Dutch PM woos right-wing voters
January 23, 2017Dutch Prime Minister Mark Rutte sought to attract voters away from right-wing lawmaker Geert Wilders, whose anti-immigration party is ahead in the polls ahead of March 15 national elections.
In an open letter published in several newspapers and on his center People's Party for Freedom and Demcoracy (VVD), Rutte presented the VVD as a champion of the status quo and stability. But Rutte also sought to address the concerns of voters drawn by Wilders and his Party for Freedom (PVV), known for its stances against migration, the EU and Islam.
"Those people who refuse to adapt, and criticize our values" should "act normally or leave," Rutte wrote. He said he understood how "people think: 'if you so fundamentally reject this country then I'd prefer it if you leave.'"
"In fact I have that feeling, too," he said, citing examples of such anti-social behavior like "harassing homosexuals, jeering at women in short skirts and labeling ordinary Dutch people as racists."
But without mentioning Wilders or his PVV, Rutte wrote that "the solution is not to lump everyone in the same bag, to insult or expel whole groups from our country."
Rutte's letter, directed at the "silent majority," also drew attention to "abnormal" behavior in other areas - from littering in public to abusing officials like train conductors or simply loitering in large groups.

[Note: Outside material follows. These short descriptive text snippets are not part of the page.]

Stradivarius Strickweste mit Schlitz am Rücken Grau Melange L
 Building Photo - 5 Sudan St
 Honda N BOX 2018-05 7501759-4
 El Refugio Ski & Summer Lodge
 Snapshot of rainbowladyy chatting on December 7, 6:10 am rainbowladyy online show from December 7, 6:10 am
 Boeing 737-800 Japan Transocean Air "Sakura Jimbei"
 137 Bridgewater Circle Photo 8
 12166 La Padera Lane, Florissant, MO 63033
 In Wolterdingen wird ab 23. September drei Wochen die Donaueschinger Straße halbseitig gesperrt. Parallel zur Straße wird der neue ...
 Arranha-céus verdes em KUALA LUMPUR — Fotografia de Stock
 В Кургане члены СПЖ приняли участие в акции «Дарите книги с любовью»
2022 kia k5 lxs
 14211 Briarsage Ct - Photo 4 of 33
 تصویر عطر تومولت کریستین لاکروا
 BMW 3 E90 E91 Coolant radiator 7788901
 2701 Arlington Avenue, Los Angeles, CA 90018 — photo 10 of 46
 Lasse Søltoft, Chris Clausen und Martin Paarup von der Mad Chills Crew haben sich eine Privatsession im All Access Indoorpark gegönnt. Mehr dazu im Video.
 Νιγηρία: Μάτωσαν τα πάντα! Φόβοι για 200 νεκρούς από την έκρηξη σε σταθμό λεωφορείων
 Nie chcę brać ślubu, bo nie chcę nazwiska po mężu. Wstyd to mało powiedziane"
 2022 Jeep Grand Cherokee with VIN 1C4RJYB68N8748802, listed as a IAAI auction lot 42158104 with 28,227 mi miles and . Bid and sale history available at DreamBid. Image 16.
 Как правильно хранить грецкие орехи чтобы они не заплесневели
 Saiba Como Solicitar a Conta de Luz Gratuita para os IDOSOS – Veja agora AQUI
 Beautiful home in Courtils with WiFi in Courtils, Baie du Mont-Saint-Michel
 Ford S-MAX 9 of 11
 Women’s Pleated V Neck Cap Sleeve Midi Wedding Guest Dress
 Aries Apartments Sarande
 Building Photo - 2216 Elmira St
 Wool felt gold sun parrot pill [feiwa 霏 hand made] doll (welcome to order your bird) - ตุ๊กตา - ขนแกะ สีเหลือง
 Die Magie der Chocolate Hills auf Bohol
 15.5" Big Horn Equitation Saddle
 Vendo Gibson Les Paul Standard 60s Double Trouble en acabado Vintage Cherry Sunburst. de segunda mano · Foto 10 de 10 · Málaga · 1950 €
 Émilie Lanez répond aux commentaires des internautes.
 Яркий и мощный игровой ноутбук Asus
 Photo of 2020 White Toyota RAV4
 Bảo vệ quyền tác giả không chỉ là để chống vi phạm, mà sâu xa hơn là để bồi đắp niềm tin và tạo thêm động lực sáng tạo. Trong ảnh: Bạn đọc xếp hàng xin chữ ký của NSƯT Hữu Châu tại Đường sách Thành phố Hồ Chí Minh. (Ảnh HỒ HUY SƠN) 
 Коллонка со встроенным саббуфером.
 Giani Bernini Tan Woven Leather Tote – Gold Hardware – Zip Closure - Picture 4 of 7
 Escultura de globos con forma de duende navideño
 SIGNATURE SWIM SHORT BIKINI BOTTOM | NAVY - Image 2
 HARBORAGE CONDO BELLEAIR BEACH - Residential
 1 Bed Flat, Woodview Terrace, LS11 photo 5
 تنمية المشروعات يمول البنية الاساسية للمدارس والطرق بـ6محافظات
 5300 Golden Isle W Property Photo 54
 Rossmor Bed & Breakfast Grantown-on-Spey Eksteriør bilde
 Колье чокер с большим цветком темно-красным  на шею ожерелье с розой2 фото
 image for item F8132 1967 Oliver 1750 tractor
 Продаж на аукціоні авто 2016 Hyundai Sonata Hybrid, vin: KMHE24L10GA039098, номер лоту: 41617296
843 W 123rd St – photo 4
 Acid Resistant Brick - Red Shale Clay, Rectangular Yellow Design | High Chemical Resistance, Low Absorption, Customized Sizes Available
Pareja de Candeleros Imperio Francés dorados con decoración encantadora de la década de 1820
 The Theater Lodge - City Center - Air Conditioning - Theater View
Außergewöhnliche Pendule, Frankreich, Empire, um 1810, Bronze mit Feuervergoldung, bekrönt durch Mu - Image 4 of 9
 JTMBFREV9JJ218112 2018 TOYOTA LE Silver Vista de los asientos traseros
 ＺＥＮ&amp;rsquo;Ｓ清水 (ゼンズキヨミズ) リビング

Wilders's PVV to become strongest single party?
Wilders has called for banning the Quran, closing mosques, stopping immigration and withdrawing the Netherlands from the EU. A court convicted Wilders last month of insulting and inciting discrimination against Moroccans. He is appealing the conviction.
Polls give Wilders a shrinking but substantial lead over Rutte, who has headed two coalition governments and steered the country's economy through the eurozone crisis. In a boost to Rutte, last week the state statistics office announced unemployment the biggest drop in unemployment in a decade. But as elsewhere in Europe, an influx of immigrants to the continent has boosted populist parties.
On Monday, Wilders called Rutte "the man of open borders, the asylum tsunami, mass immigration, Islamization, lies and deception."
Even if Wilders' party comes ahead in the March elections, he is not projected to win an outright majority. All the major mainstream parties have said they would not form a coalition government with the PVV.
The most likely scenario is a coalition government led by Rutte with as many as five parties and Wilders' PVV leading the opposition in parliament.
The vote in the Netherlands is being watched closely ahead of presidential elections in France in April and national elections in Germany in September, with anti-immigration and populist parties looking to change the political landscape.
They have been given a boost by the Brexit vote and US President Donald Trump's election. Joining populist leaders from France, Germany, Austria and Italy over the weekend, Wilders said this year would be "the year of the people ... the year of liberation, the year of the patriotic spring."